葉子は電線の上で啼いている鳥を見た。聞いた事の無い啼き声の鳥だった。明るく澄んだ声だ。・・・そうよ、わたしの知っている世界は、こっちなのよ。あんなわけの分からない、イヤな世界じゃないのよう!
葉子は目にしたコンビニに入った。弁当コーナーの前に立つ。当分カレーは食べる気にならないわ・・・ 葉子はカレーを見て思った。そして、おにぎりを幾つかとペットボトルのお茶を持ってレジに行った。
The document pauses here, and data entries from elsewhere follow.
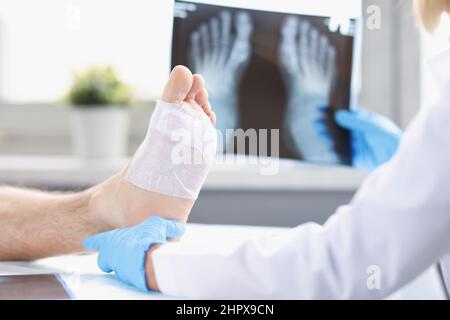 Un medico guarda una radiografia della gamba ferita di un uomo, sfocata Foto Stock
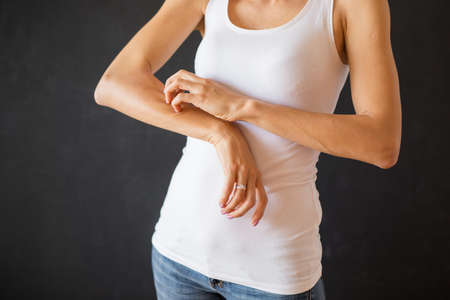Woman with skin eczema problemの写真素材
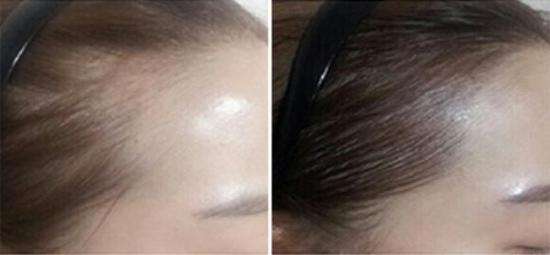发际线过高或过低要如何改善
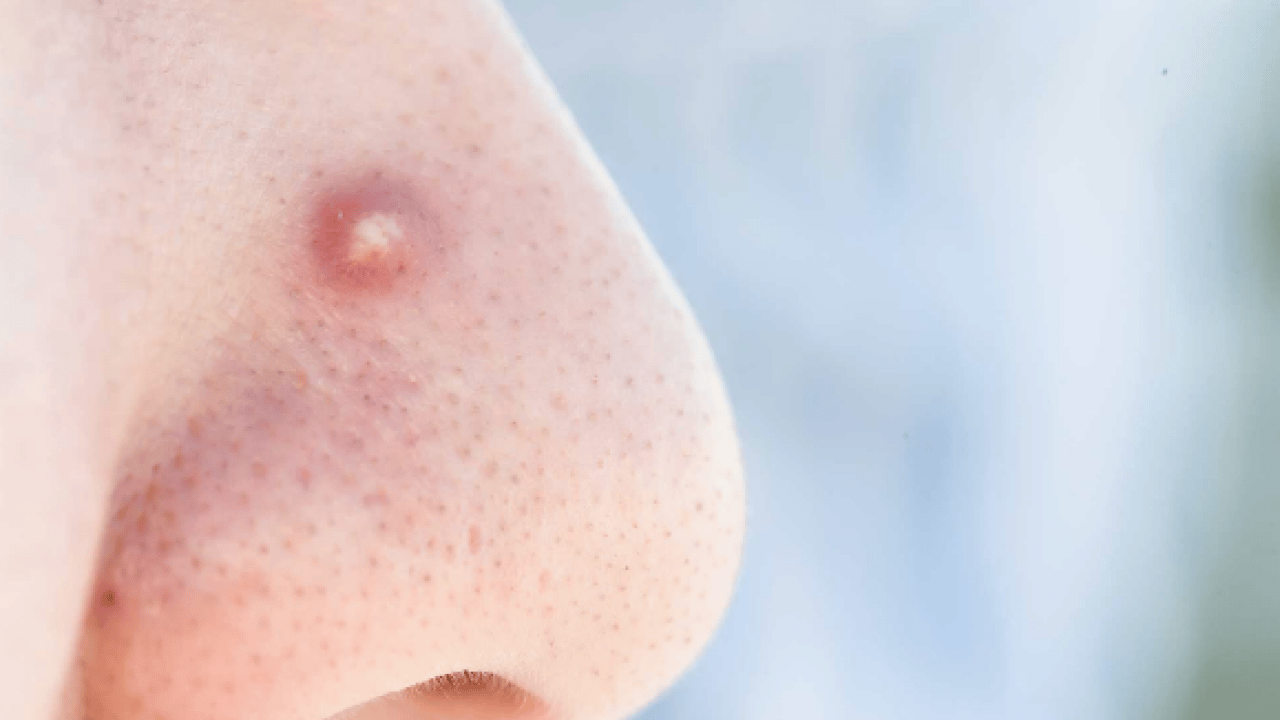 Foto - Tam bir çözüm metodu: Sivilce izlerini tek gecede siliyor! Aktarlarda kapış kapış satılıyor...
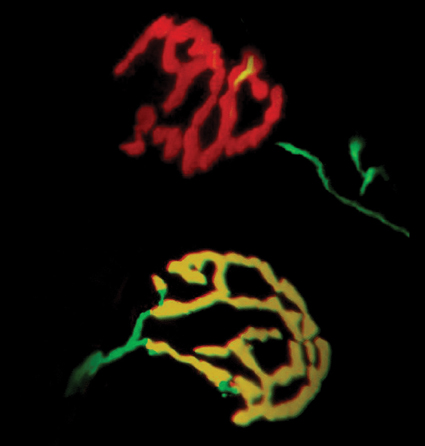 צביעה של אזורי המפגש בין תאי עצב (ירוק) לשריר (אדום). הצביעה הצהובה מייצגת חפיפה מלאה בין תאי העצב לשריר בעכברים נורמליים (למטה). בעכברים מהונדסים, החסרים מיקרו-אר-אן-אי בתאי עצב המעצבבים שרירים, ניכרת צביעת השריר בלבד (למעלה, באדום), משום שהעצב באיזור המפגש חולה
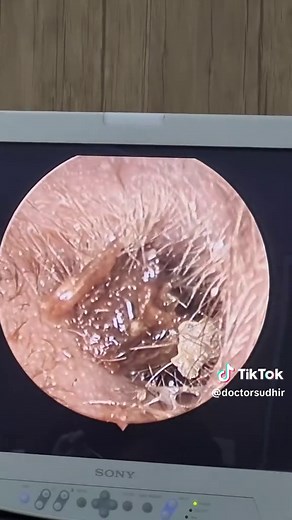 Doctor Tips for Better Ear Care
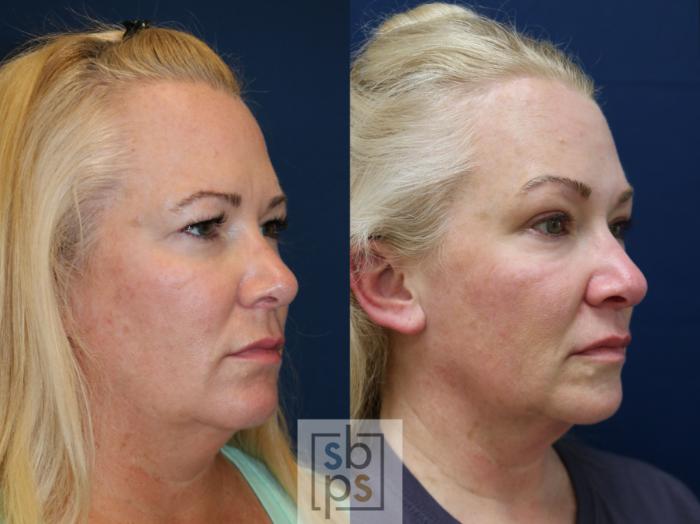 Before & After Brow Lift Case 747 Right Oblique View in Los Angeles, Torrance & Long Beach, CA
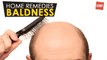 Baldness - Home Remedies | Health Tips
陰気そうな若い女の店員が、黒縁の眼鏡越しに葉子を見据える。その視線にイヤなものを感じた。しかし、生臭い臭いはしなかった。・・・そうよ、わたしはもうあんな変なヤツらとは縁を切ったんだから、何も起きるはずが無いんだわ! 葉子はその店員に笑いかけた。面食らったような店員を見て、葉子はさらに微笑んだ。
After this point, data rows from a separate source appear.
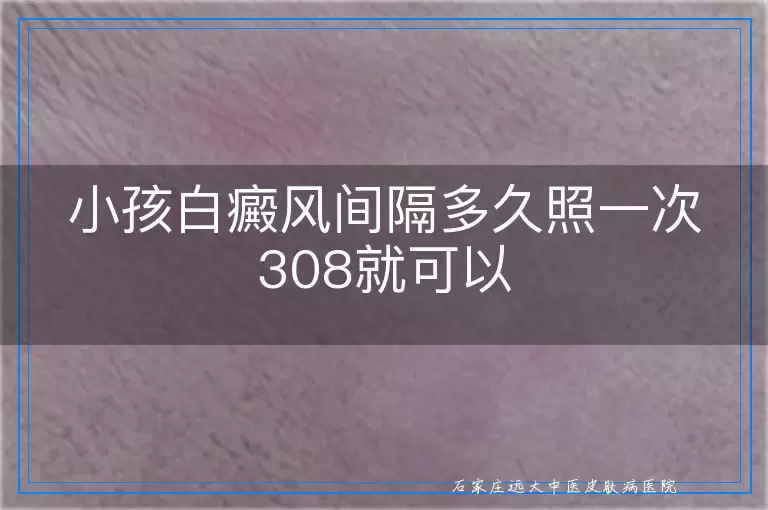 小孩白癜风间隔多久照一次308就可以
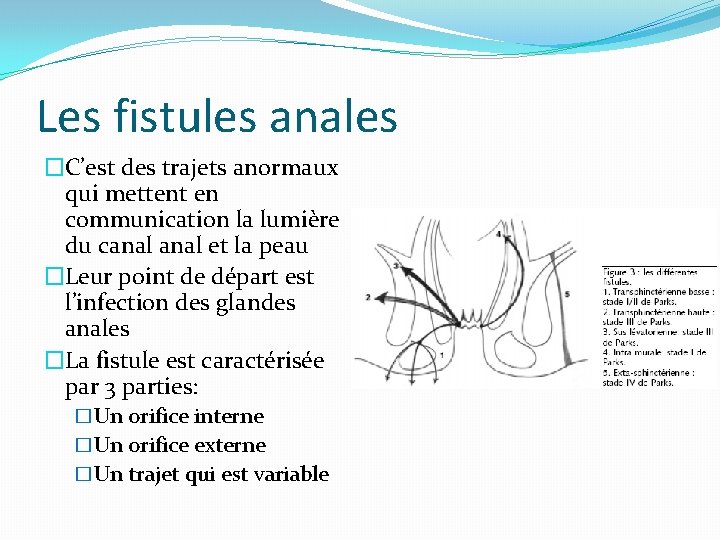 Les fistules anales �C’est des trajets anormaux qui mettent en communication la lumière du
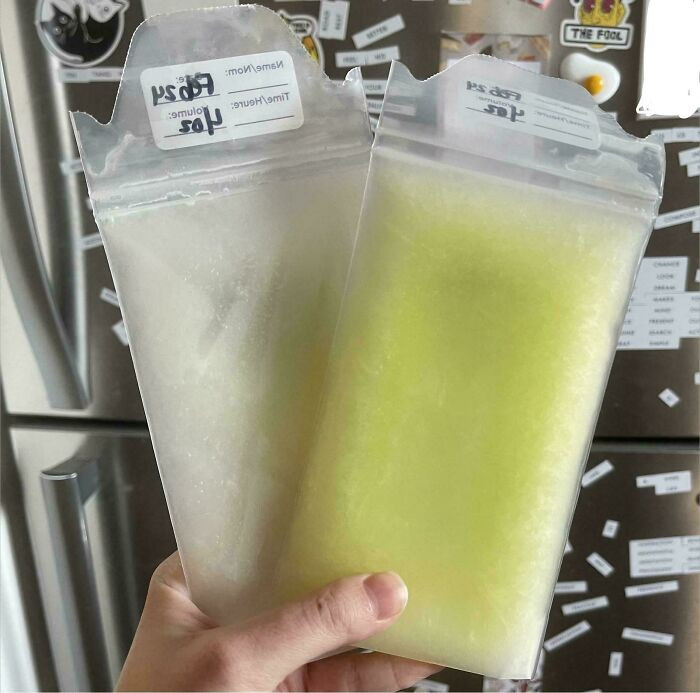"Frozen Breastmilk Before And After Consuming Large Amounts Of B12"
コンビニを出てアパートへ向かう。心無しか足取りが軽い。路地を曲がるとアパートが見えた。足が速まる。
しかし、その足が止まった。
アパートの前に男が立っていたからだ。葉子の体から血の気が退いた。
・・・ユウジ!
あの喫茶店で倒れていた男だった。その時と同じ服を着ているので、所々に赤い染みが、血が付いている。
きょろきょろしていたユウジは、葉子に気が付くと駆け寄って来た。葉子の前で直立すると、大仰に頭を下げた。
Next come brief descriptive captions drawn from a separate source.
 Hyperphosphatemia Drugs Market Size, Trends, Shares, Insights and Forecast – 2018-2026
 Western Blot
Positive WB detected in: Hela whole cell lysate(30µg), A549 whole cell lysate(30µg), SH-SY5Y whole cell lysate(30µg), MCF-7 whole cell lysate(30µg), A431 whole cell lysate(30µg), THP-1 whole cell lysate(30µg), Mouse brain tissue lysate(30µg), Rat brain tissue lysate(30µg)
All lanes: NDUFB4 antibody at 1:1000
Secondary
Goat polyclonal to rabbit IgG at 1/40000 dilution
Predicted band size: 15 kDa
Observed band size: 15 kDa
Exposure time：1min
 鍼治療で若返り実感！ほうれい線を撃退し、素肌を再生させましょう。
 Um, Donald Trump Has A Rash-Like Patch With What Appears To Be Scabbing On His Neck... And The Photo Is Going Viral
「葉子さん。葉子さんにお渡しする物があって参りやした!」大きな声で言う。・・・何なのよう! 何がどうなっているのよう! 「朧の兄ぃとエリお嬢に言われやして・・・」
そうか、あいつが妖魔から受けた傷を直してやって、あの娘が上手く記憶を操作したのね。それに、息が上がっている所を見ると、全力疾走でもさせられてここに来たんだわ。一体どう言うつもりなのよう!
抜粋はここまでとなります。